• WORK INSTRUCTION: If a line below contains the string "Photo", return that line.

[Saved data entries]
╭──
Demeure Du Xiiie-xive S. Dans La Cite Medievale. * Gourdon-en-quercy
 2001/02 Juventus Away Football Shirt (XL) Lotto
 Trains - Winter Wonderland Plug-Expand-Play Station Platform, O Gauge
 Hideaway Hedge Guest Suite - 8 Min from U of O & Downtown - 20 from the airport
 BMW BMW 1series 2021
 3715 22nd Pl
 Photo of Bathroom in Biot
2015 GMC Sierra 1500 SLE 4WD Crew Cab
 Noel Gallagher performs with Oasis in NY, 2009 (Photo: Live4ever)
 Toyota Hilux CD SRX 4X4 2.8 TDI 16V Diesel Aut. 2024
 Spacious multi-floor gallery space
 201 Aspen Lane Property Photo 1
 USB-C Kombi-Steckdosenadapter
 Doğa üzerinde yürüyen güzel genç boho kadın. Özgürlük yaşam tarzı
╰──
• ANSWER AREA:
 Photo of Bathroom in Biot
 Noel Gallagher performs with Oasis in NY, 2009 (Photo: Live4ever)
 201 Aspen Lane Property Photo 1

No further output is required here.